EXCERPTED DATA:
= Beginning of Section =

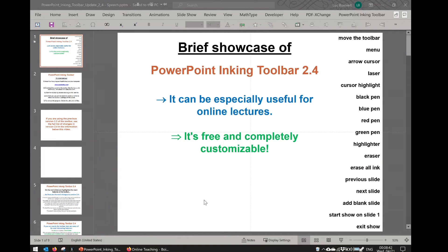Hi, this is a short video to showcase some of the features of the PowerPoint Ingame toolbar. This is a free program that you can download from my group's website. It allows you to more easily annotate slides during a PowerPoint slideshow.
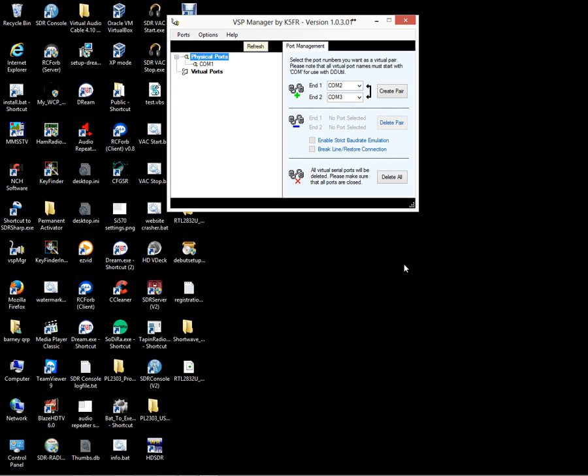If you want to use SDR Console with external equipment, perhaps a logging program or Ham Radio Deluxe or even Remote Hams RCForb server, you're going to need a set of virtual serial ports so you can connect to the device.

= End of Section =
= Beginning of Section =

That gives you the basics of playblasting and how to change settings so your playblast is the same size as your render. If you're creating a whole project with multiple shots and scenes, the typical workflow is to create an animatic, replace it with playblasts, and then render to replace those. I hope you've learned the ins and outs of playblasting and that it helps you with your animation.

= End of Section =
= Beginning of Section =

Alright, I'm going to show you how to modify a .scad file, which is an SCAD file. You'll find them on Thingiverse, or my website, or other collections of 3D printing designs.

= End of Section =

Given the entries above, transcribe exactly the lines from the one holding "Hi, this is" through the one holding "If you want"; pictures do not belong in the transcription.

Hi, this is a short video to showcase some of the features of the PowerPoint Ingame toolbar. This is a free program that you can download from my group's website. It allows you to more easily annotate slides during a PowerPoint slideshow.
If you want to use SDR Console with external equipment, perhaps a logging program or Ham Radio Deluxe or even Remote Hams RCForb server, you're going to need a set of virtual serial ports so you can connect to the device.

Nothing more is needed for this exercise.